The Crab Nebula as a standard candle in very high-energy astrophysics

TL;DR

This paper demonstrates that the Crab Nebula can serve as a standard candle in very high-energy astrophysics by combining data from Fermi/LAT and IACTs, enabling cross-calibration and improved understanding of gamma-ray emission.

Contribution

It introduces a method to cross-calibrate gamma-ray instruments using the Crab Nebula's broad-band spectrum, reducing systematic uncertainties in energy measurements.

Findings

The inverse Compton model matches combined Fermi/LAT and IACT data well.

Derived an upper limit on diffuse gamma-ray emission between 250 GeV and 1 TeV.

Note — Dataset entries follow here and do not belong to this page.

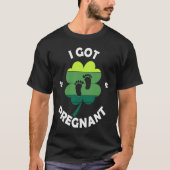 I Got PRegnant St Patricku2019s Day Irish Baby Tシャツ (正面)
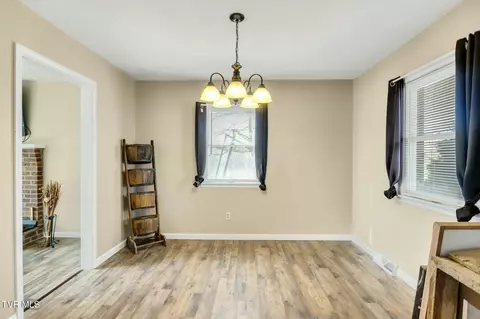 Dining - 96 E Panoramic View Drive Greeneville Tn 37743, Greeneville, TN 37743 photo 1 of 2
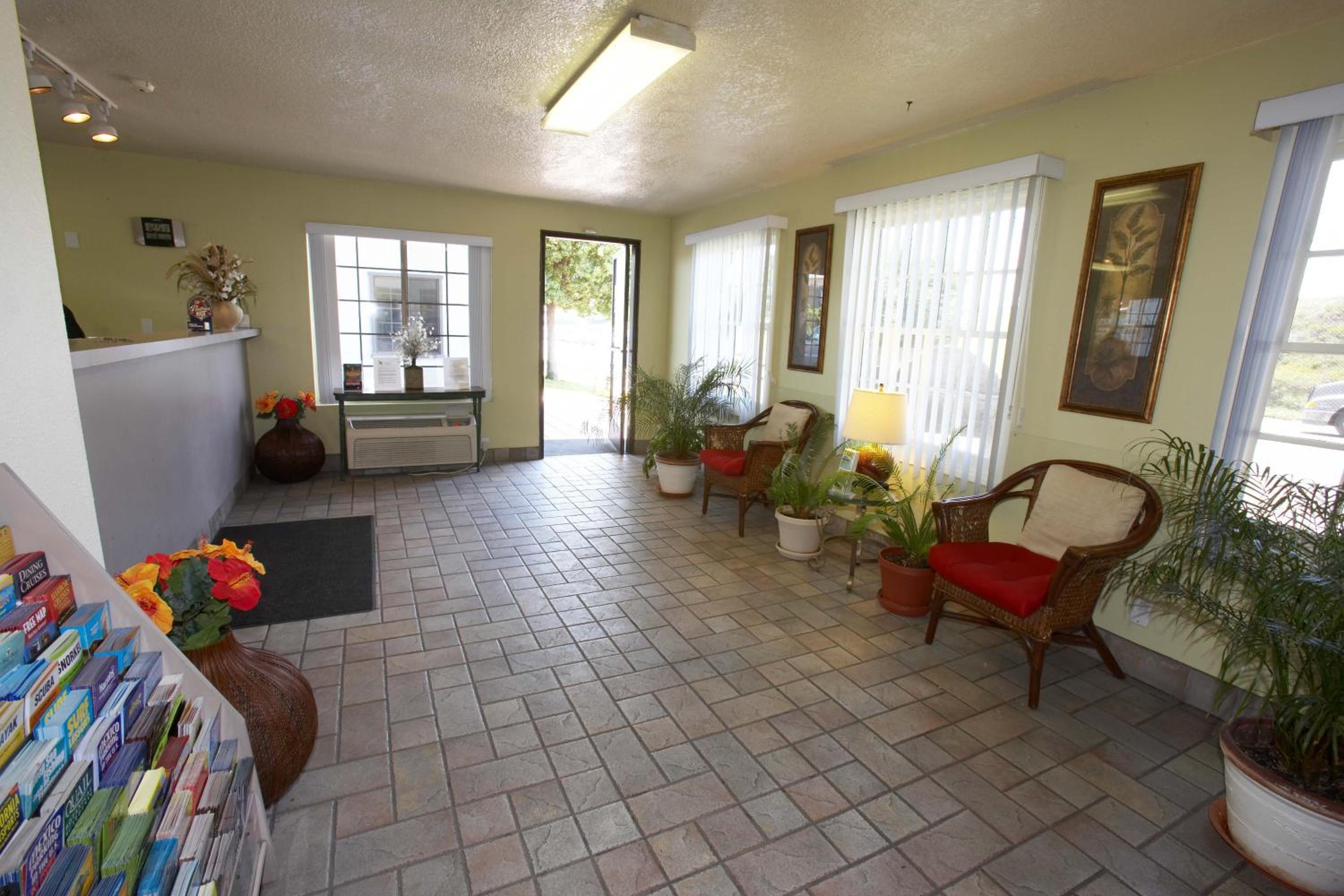 EZ 8 Motel Old Town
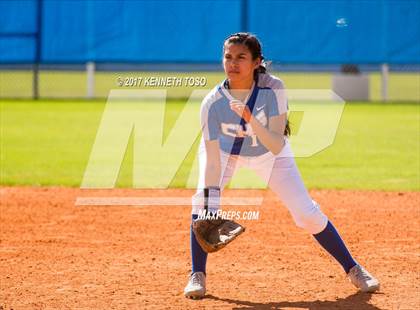 Thumbnail 3 in Cigarroa vs Clark (SAISD Tournament) photogallery.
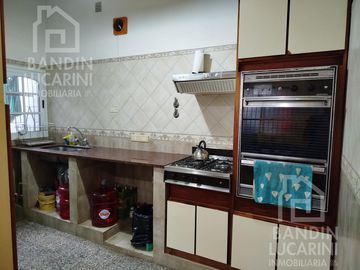 Casa en venta en Berazategui    Local   Duplex.    SE TOMAN PERMUTAS.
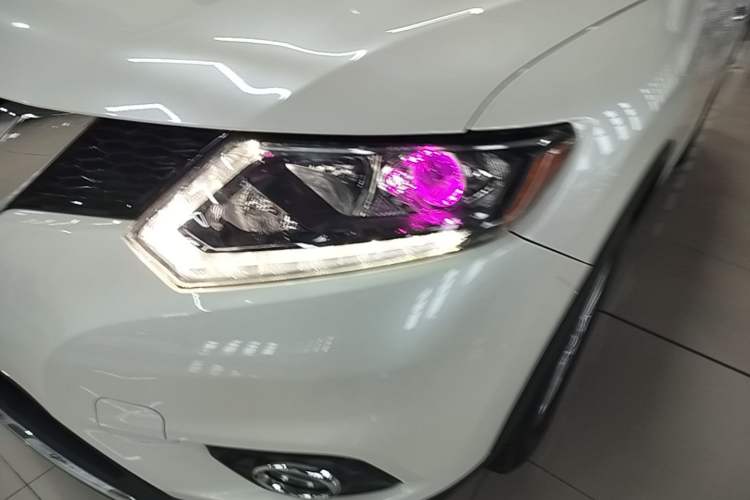 Used Nissan X-Trail 2014 2.0L CVT Comfort Edition 2WD Left Front Headlight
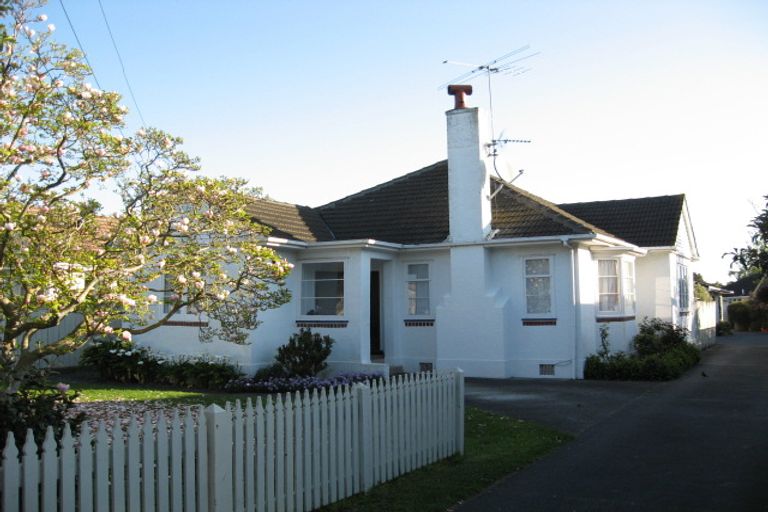 Photo of property in 8 Malone Road, Waterloo, Lower Hutt, 5011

Estimated the magnetic field in the nebula as 124 μG.

Abstract

The continuum high-energy gamma-ray emission between 1 GeV and 100 TeV from the Crab Nebula has been measured for the first time in overlapping energy bands by the Fermi large-area telescope (Fermi/LAT) below ~ 100 GeV and by ground-based imaging air Cherenkov telescopes (IACTs) above ~ 60 GeV. To follow up on the phenomenological approach suggested by Hillas et al. (1998), the broad band spectral and spatial measurement (from radio to low-energy gamma-rays < 1 GeV) is used to extract the shape of the electron spectrum. While this model per construction provides an excellent description of the data at energies < 1 GeV, the predicted inverse Compton component matches the combined Fermi/LAT and IACT measurements remarkably well after including all relevant seed photon fields and fitting the average magnetic field to B = (124 +/- 6 (stat.) +15 / -6 (sys.)) {\mu}G. The close match of the resulting broad band inverse Compton component with the combined Fermi/LAT and IACTs data is used to derive instrument specific energy-calibration factors. These factors can be used to combine data from Fermi/LAT and IACTs without suffering from systematic uncertainties on the common energy scale. As a first application of the cross calibration, we derive an upper limit to the diffuse gamma-ray emission between 250 GeV and 1 TeV based upon the combined measurements of Fermi/LAT and the H.E.S.S. ground-based Cherenkov telescopes. Finally, the predictions of the magneto-hydrodynamic flow model of Kennel & Coroniti (1984) are compared to the measured SED.